Nelle ultime settimane infatti ha fatto molto discutere la sua visita a tre nazioni africane, Mauritania, Gambia e Senegal, con le quali c’è la volontà di instaurare una collaborazione diretta per una gestione condivisa dei flussi migratori. L’obiettivo non è fermare gli arrivi, quindi, ma solo cambiare il percorso. Non più via mare, ma via aereo, dopo un periodo di formazione nel paese d’origine.
L’iniziativa di Sanchez è la risposta ad un incremento consistente degli arrivi nell’arco dell’ultimo anno, soprattutto attraverso la rotta delle Canarie, che è sta diventando, tra l’altro, sempre più mortale. Dai 18.745 arrivi totali in Spagna nel 2023 si è passati a 31.155 fino al 15 agosto scorso (+66%).
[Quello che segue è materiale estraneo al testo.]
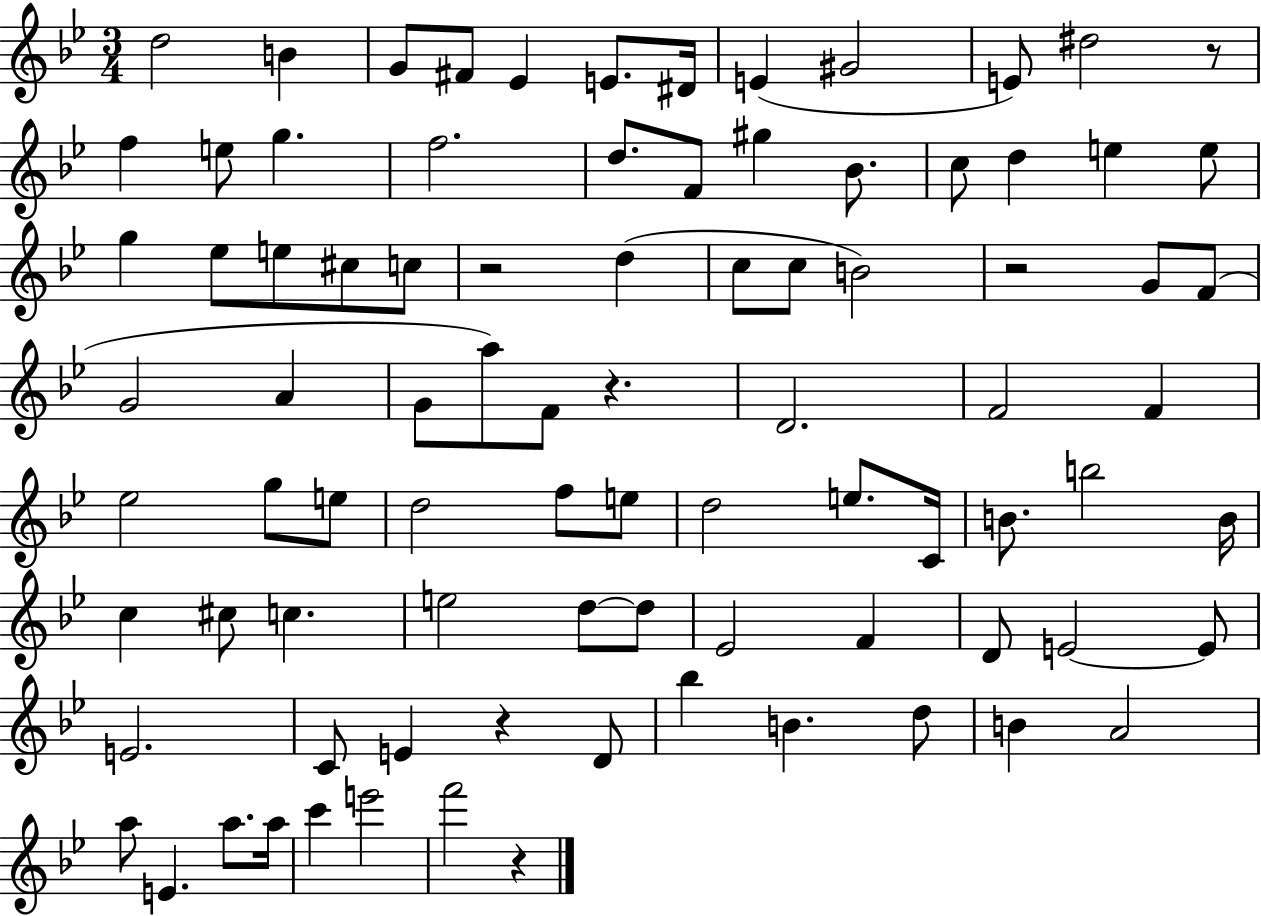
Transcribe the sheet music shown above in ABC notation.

X:1
T:Untitled
M:3/4
L:1/4
K:Bb
d2 B G/2 ^F/2 _E E/2 ^D/4 E ^G2 E/2 ^d2 z/2 f e/2 g f2 d/2 F/2 ^g _B/2 c/2 d e e/2 g _e/2 e/2 ^c/2 c/2 z2 d c/2 c/2 B2 z2 G/2 F/2 G2 A G/2 a/2 F/2 z D2 F2 F _e2 g/2 e/2 d2 f/2 e/2 d2 e/2 C/4 B/2 b2 B/4 c ^c/2 c e2 d/2 d/2 _E2 F D/2 E2 E/2 E2 C/2 E z D/2 _b B d/2 B A2 a/2 E a/2 a/4 c' e'2 f'2 z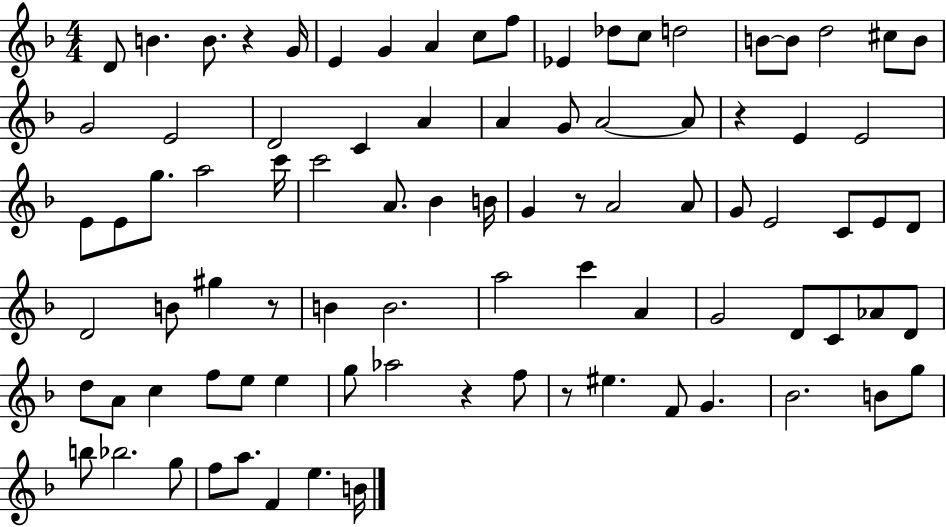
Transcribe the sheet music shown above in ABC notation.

X:1
T:Untitled
M:4/4
L:1/4
K:F
D/2 B B/2 z G/4 E G A c/2 f/2 _E _d/2 c/2 d2 B/2 B/2 d2 ^c/2 B/2 G2 E2 D2 C A A G/2 A2 A/2 z E E2 E/2 E/2 g/2 a2 c'/4 c'2 A/2 _B B/4 G z/2 A2 A/2 G/2 E2 C/2 E/2 D/2 D2 B/2 ^g z/2 B B2 a2 c' A G2 D/2 C/2 _A/2 D/2 d/2 A/2 c f/2 e/2 e g/2 _a2 z f/2 z/2 ^e F/2 G _B2 B/2 g/2 b/2 _b2 g/2 f/2 a/2 F e B/4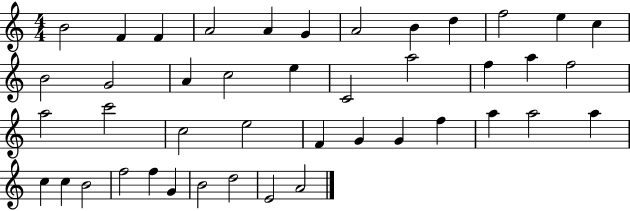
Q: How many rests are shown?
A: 0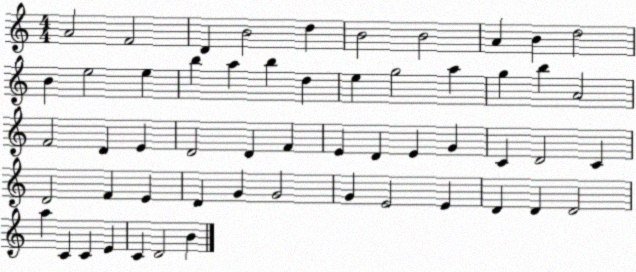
X:1
T:Untitled
M:4/4
L:1/4
K:C
A2 F2 D B2 d B2 B2 A B d2 B e2 e b a b d e g2 a g b A2 F2 D E D2 D F E D E G C D2 C D2 F E D G G2 G E2 E D D D2 a C C E C D2 B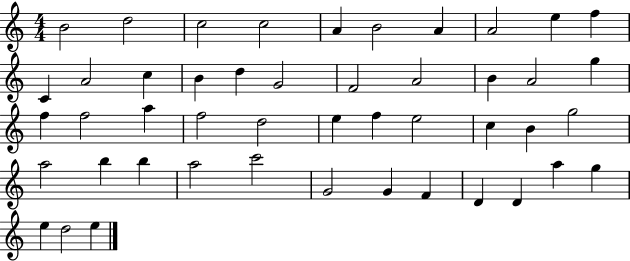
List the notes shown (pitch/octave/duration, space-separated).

B4/h D5/h C5/h C5/h A4/q B4/h A4/q A4/h E5/q F5/q C4/q A4/h C5/q B4/q D5/q G4/h F4/h A4/h B4/q A4/h G5/q F5/q F5/h A5/q F5/h D5/h E5/q F5/q E5/h C5/q B4/q G5/h A5/h B5/q B5/q A5/h C6/h G4/h G4/q F4/q D4/q D4/q A5/q G5/q E5/q D5/h E5/q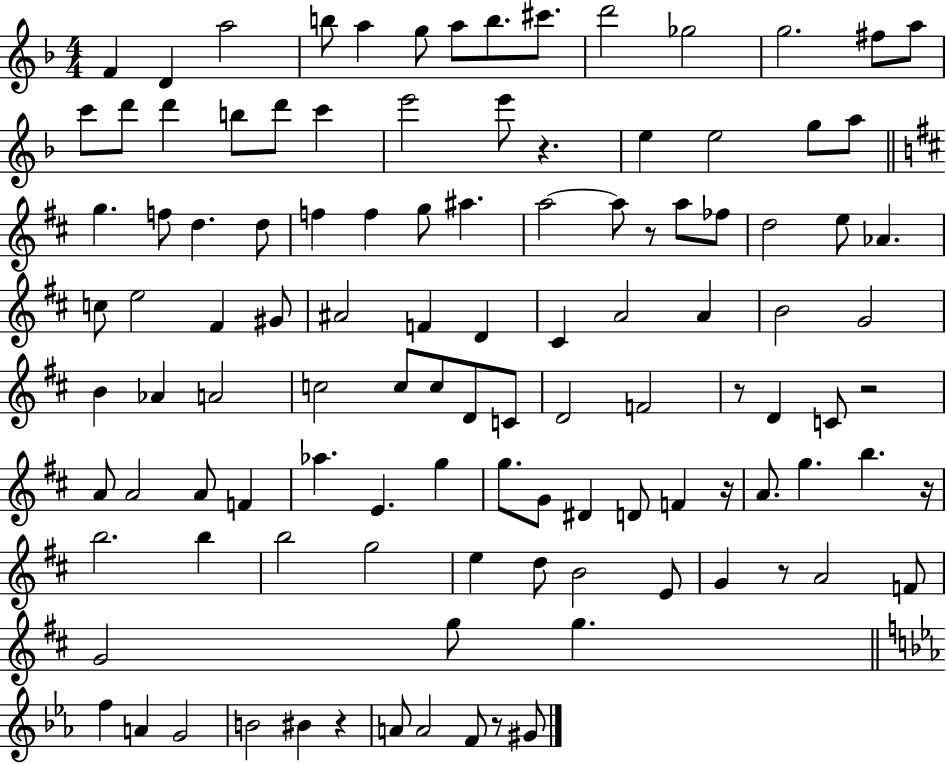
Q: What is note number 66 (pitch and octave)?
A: A4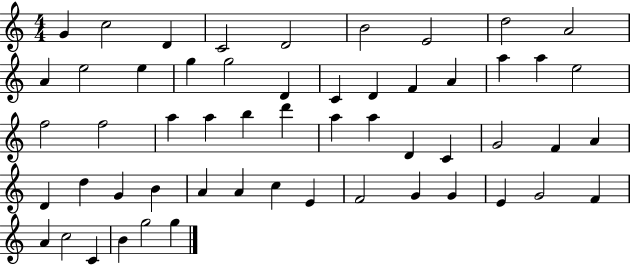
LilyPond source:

Ma il problema, come ha ricordato Sanchez, non sta in chi arriva ma in come ci arriva e questo è un fattore che dipende soprattutto dai governi.
E così, si inizia a coltivare la cosiddetta ‘migrazione circolare’, alla quale sta pensando, da qualche mese, anche l’Italia. Nel nostro caso, la faccenda è stata però delegata alla Comunità di Sant’Egidio, con la quale il governo ha firmato un accordo lo scorso aprile.
L’intesa, della durata di un anno, riguarda un progetto pilota che coinvolge circa 300 persone da far arrivare in Italia in sinergia con le necessità delle imprese locali, un progetto che si inserisce all’interno del Decreto Flussi, finora abbastanza fallimentare, cercando però di renderlo più efficiente da ambo le parti. Gli arrivi si concentrano per ora in tre regioni, Veneto, Lazio e Calabria.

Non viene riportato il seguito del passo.